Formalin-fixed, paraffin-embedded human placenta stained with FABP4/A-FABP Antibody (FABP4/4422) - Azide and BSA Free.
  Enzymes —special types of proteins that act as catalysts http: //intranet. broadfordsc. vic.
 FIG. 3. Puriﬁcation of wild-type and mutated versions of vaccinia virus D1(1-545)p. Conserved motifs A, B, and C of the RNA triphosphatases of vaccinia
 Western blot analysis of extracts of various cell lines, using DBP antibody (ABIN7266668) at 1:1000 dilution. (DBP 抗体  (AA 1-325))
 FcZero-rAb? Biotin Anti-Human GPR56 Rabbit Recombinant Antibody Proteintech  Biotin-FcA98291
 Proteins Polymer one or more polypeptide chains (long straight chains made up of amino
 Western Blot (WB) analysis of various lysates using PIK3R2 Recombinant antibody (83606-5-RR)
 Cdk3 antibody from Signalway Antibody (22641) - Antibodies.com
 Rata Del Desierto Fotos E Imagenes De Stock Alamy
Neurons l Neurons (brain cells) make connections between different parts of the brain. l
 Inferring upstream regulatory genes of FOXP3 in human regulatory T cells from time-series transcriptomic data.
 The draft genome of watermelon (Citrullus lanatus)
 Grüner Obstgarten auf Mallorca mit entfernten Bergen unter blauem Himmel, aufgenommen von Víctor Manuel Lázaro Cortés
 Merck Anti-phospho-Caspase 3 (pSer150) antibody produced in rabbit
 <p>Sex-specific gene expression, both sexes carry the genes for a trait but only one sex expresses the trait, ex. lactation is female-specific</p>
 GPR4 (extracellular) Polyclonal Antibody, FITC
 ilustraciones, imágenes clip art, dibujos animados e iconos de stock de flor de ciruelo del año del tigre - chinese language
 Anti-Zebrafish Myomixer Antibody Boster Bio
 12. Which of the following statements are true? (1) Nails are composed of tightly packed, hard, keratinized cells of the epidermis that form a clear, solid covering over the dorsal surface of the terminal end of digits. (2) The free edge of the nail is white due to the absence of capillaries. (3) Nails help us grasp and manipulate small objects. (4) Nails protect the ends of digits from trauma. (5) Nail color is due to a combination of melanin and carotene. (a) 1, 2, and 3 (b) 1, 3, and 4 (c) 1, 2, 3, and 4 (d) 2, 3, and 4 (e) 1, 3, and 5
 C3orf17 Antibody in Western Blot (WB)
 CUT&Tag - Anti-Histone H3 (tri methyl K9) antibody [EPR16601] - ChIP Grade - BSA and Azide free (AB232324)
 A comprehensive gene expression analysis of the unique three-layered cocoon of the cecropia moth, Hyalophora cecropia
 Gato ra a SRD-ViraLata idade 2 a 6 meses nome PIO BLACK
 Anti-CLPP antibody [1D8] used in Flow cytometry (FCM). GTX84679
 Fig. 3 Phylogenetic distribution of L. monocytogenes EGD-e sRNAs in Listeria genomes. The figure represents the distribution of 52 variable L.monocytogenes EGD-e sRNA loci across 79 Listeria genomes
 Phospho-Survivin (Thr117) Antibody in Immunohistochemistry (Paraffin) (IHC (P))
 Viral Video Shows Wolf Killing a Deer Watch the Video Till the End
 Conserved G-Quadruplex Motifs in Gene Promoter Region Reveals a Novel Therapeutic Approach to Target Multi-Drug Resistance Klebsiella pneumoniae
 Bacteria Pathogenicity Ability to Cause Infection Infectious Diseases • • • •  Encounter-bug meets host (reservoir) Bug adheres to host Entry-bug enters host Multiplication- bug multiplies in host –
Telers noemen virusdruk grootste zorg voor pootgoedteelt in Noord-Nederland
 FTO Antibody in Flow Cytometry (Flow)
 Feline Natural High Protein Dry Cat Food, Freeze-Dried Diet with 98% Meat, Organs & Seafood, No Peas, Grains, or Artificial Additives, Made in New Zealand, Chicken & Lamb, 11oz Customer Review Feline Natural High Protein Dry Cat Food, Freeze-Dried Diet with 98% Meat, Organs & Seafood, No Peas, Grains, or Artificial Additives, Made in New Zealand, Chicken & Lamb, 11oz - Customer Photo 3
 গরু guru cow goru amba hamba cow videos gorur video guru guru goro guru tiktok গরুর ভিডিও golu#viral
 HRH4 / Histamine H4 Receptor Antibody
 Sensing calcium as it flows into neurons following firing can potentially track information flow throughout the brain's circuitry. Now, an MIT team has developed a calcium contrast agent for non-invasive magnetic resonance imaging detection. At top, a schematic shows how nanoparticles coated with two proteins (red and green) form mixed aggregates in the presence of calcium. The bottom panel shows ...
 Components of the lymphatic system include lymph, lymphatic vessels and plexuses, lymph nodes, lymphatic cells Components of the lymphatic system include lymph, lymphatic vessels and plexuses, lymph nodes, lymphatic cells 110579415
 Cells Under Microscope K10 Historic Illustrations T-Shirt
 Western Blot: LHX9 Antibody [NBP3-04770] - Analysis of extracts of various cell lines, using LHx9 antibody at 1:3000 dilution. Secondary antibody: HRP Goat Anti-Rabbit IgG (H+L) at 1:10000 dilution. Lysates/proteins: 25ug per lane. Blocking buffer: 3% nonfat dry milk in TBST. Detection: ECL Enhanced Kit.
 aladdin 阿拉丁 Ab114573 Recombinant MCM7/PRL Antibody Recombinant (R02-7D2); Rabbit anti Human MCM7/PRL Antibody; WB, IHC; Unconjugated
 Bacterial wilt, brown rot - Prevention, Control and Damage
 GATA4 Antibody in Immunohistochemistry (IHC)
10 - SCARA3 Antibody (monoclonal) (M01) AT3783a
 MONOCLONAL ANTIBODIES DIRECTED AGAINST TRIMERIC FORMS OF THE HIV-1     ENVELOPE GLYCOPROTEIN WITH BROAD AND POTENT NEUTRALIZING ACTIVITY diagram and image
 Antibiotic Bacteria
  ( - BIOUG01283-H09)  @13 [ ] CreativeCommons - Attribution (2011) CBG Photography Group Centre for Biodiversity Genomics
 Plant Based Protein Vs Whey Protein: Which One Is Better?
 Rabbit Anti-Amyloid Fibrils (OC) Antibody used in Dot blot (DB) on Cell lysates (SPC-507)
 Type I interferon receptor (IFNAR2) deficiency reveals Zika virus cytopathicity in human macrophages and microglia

→ **EXERCISE INSTRUCTIONS**
Reply with the complete data above, every character as it stands.

→ **RESULT**
Formalin-fixed, paraffin-embedded human placenta stained with FABP4/A-FABP Antibody (FABP4/4422) - Azide and BSA Free.
  Enzymes —special types of proteins that act as catalysts http: //intranet. broadfordsc. vic.
 FIG. 3. Puriﬁcation of wild-type and mutated versions of vaccinia virus D1(1-545)p. Conserved motifs A, B, and C of the RNA triphosphatases of vaccinia
 Western blot analysis of extracts of various cell lines, using DBP antibody (ABIN7266668) at 1:1000 dilution. (DBP 抗体  (AA 1-325))
 FcZero-rAb? Biotin Anti-Human GPR56 Rabbit Recombinant Antibody Proteintech  Biotin-FcA98291
 Proteins Polymer one or more polypeptide chains (long straight chains made up of amino
 Western Blot (WB) analysis of various lysates using PIK3R2 Recombinant antibody (83606-5-RR)
 Cdk3 antibody from Signalway Antibody (22641) - Antibodies.com
 Rata Del Desierto Fotos E Imagenes De Stock Alamy
Neurons l Neurons (brain cells) make connections between different parts of the brain. l
 Inferring upstream regulatory genes of FOXP3 in human regulatory T cells from time-series transcriptomic data.
 The draft genome of watermelon (Citrullus lanatus)
 Grüner Obstgarten auf Mallorca mit entfernten Bergen unter blauem Himmel, aufgenommen von Víctor Manuel Lázaro Cortés
 Merck Anti-phospho-Caspase 3 (pSer150) antibody produced in rabbit
 <p>Sex-specific gene expression, both sexes carry the genes for a trait but only one sex expresses the trait, ex. lactation is female-specific</p>
 GPR4 (extracellular) Polyclonal Antibody, FITC
 ilustraciones, imágenes clip art, dibujos animados e iconos de stock de flor de ciruelo del año del tigre - chinese language
 Anti-Zebrafish Myomixer Antibody Boster Bio
 12. Which of the following statements are true? (1) Nails are composed of tightly packed, hard, keratinized cells of the epidermis that form a clear, solid covering over the dorsal surface of the terminal end of digits. (2) The free edge of the nail is white due to the absence of capillaries. (3) Nails help us grasp and manipulate small objects. (4) Nails protect the ends of digits from trauma. (5) Nail color is due to a combination of melanin and carotene. (a) 1, 2, and 3 (b) 1, 3, and 4 (c) 1, 2, 3, and 4 (d) 2, 3, and 4 (e) 1, 3, and 5
 C3orf17 Antibody in Western Blot (WB)
 CUT&Tag - Anti-Histone H3 (tri methyl K9) antibody [EPR16601] - ChIP Grade - BSA and Azide free (AB232324)
 A comprehensive gene expression analysis of the unique three-layered cocoon of the cecropia moth, Hyalophora cecropia
 Gato ra a SRD-ViraLata idade 2 a 6 meses nome PIO BLACK
 Anti-CLPP antibody [1D8] used in Flow cytometry (FCM). GTX84679
 Fig. 3 Phylogenetic distribution of L. monocytogenes EGD-e sRNAs in Listeria genomes. The figure represents the distribution of 52 variable L.monocytogenes EGD-e sRNA loci across 79 Listeria genomes
 Phospho-Survivin (Thr117) Antibody in Immunohistochemistry (Paraffin) (IHC (P))
 Viral Video Shows Wolf Killing a Deer Watch the Video Till the End
 Conserved G-Quadruplex Motifs in Gene Promoter Region Reveals a Novel Therapeutic Approach to Target Multi-Drug Resistance Klebsiella pneumoniae
 Bacteria Pathogenicity Ability to Cause Infection Infectious Diseases • • • •  Encounter-bug meets host (reservoir) Bug adheres to host Entry-bug enters host Multiplication- bug multiplies in host –
Telers noemen virusdruk grootste zorg voor pootgoedteelt in Noord-Nederland
 FTO Antibody in Flow Cytometry (Flow)
 Feline Natural High Protein Dry Cat Food, Freeze-Dried Diet with 98% Meat, Organs & Seafood, No Peas, Grains, or Artificial Additives, Made in New Zealand, Chicken & Lamb, 11oz Customer Review Feline Natural High Protein Dry Cat Food, Freeze-Dried Diet with 98% Meat, Organs & Seafood, No Peas, Grains, or Artificial Additives, Made in New Zealand, Chicken & Lamb, 11oz - Customer Photo 3
 গরু guru cow goru amba hamba cow videos gorur video guru guru goro guru tiktok গরুর ভিডিও golu#viral
 HRH4 / Histamine H4 Receptor Antibody
 Sensing calcium as it flows into neurons following firing can potentially track information flow throughout the brain's circuitry. Now, an MIT team has developed a calcium contrast agent for non-invasive magnetic resonance imaging detection. At top, a schematic shows how nanoparticles coated with two proteins (red and green) form mixed aggregates in the presence of calcium. The bottom panel shows ...
 Components of the lymphatic system include lymph, lymphatic vessels and plexuses, lymph nodes, lymphatic cells Components of the lymphatic system include lymph, lymphatic vessels and plexuses, lymph nodes, lymphatic cells 110579415
 Cells Under Microscope K10 Historic Illustrations T-Shirt
 Western Blot: LHX9 Antibody [NBP3-04770] - Analysis of extracts of various cell lines, using LHx9 antibody at 1:3000 dilution. Secondary antibody: HRP Goat Anti-Rabbit IgG (H+L) at 1:10000 dilution. Lysates/proteins: 25ug per lane. Blocking buffer: 3% nonfat dry milk in TBST. Detection: ECL Enhanced Kit.
 aladdin 阿拉丁 Ab114573 Recombinant MCM7/PRL Antibody Recombinant (R02-7D2); Rabbit anti Human MCM7/PRL Antibody; WB, IHC; Unconjugated
 Bacterial wilt, brown rot - Prevention, Control and Damage
 GATA4 Antibody in Immunohistochemistry (IHC)
10 - SCARA3 Antibody (monoclonal) (M01) AT3783a
 MONOCLONAL ANTIBODIES DIRECTED AGAINST TRIMERIC FORMS OF THE HIV-1     ENVELOPE GLYCOPROTEIN WITH BROAD AND POTENT NEUTRALIZING ACTIVITY diagram and image
 Antibiotic Bacteria
  ( - BIOUG01283-H09)  @13 [ ] CreativeCommons - Attribution (2011) CBG Photography Group Centre for Biodiversity Genomics
 Plant Based Protein Vs Whey Protein: Which One Is Better?
 Rabbit Anti-Amyloid Fibrils (OC) Antibody used in Dot blot (DB) on Cell lysates (SPC-507)
 Type I interferon receptor (IFNAR2) deficiency reveals Zika virus cytopathicity in human macrophages and microglia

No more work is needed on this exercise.